In the basement, leather recliners and washing and drying machines bobbed in 7 feet of murky water, hitting the ceiling. Henderson’s 911 calls failed to get through, as did her attempts to reach the Detroit Water and Sewerage Department.
“It was like something in a movie. It was crazy. It was really crazy. I was terrified the water was going to come all the way up the [basement] steps,” she said. “It was so scary, and it was so fast. You couldn’t get out the front; you couldn’t get out the back.”
The deluge submerged homes and highways and stranded residents. It also marked the fifth time Henderson’s basement had flooded in just three years — four times after intense rainfall overwhelmed the city’s wastewater system, triggering backups of sewage and stormwater into her basement, and once from a water main break.

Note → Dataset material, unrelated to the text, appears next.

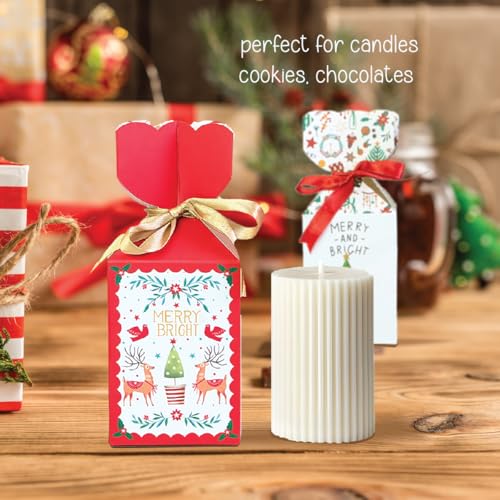 anujarusiya Christmas Gift Boxes| Set of 12| Perfect for Xmas Giting | 12 Ribbons | Favor boxes | 12 different designs with Golden and Red Strips - Image 4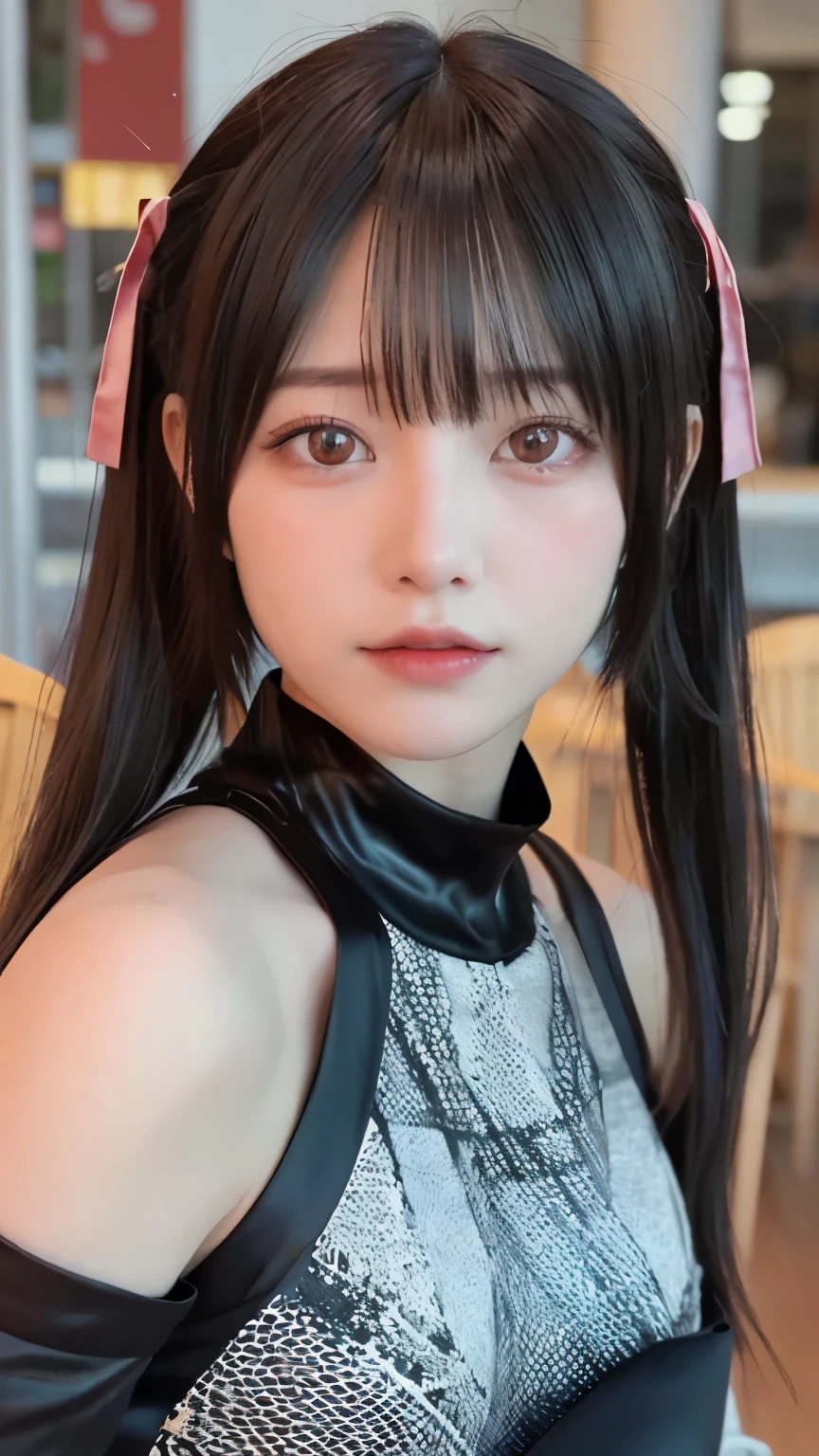 (Need,tmasterpiece),(详细的脸,realisticlying,the detail),1girll,simplebackground,looking at viewert,Focus on the face,The color hair,校服,Crop tops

City officials have repeatedly pointed to climate change as the main culprit in last month’s flood, when Detroit was overwhelmed by as much as 8 inches of rain in less than 19 hours. Weather stations in and around Detroit set records for the most amount of rainfall within a 24-hour period during the storm, according to the National Weather Service.
Thousands of basements were flooded, causing widespread damage and prompting Gov. Gretchen Whitmer (D) to declare a state of emergency. The White House has since issued a disaster declaration, freeing up federal funds.

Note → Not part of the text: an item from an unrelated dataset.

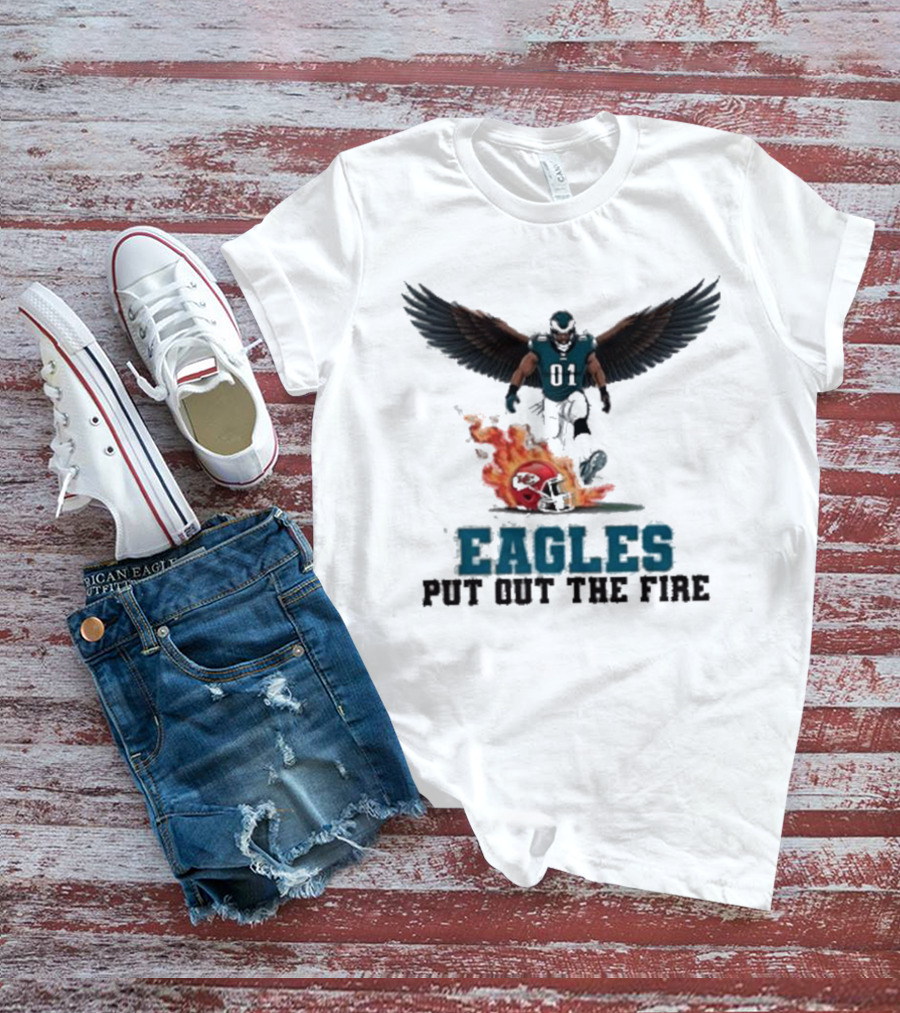 Eagles 01 Player Crushes Flaming Helmet T-Shirt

The storms offer a foreboding glimpse of Detroit’s new reality in a warming world: flooding intensified by high water levels on Lake Erie and the other Great Lakes.
And the floods have also churned up debate about the management of Detroit’s aging flood-control system and whether officials are taking steps to harden the system against what’s becoming a regular drumbeat of record-setting storms.

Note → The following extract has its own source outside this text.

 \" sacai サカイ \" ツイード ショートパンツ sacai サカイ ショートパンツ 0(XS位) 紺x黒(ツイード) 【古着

Much of the attention has zeroed in on the Great Lakes Water Authority, or GLWA. Established in the wake of Detroit’s bankruptcy proceedings, GLWA leases and controls the bulk of the city’s water and sewage system.
The water authority in an email said its “management of the system was not the cause of flooding” last month but that the regional water system was overwhelmed by the amount and intensity of rain from the 1,000-year storm. GLWA also said it ran into operational problems, including electricity issues at pump stations needed to raise water out of low-lying areas in east Detroit like the Marina District.
In the majority-Black Marina District, floods are taking a toll with expensive repairs and growing health threats, including mold. Lining the curbs of Henderson’s neighborhood were heaps of soggy boxes, planks of wood, abandoned toys and other belongings awaiting pickup.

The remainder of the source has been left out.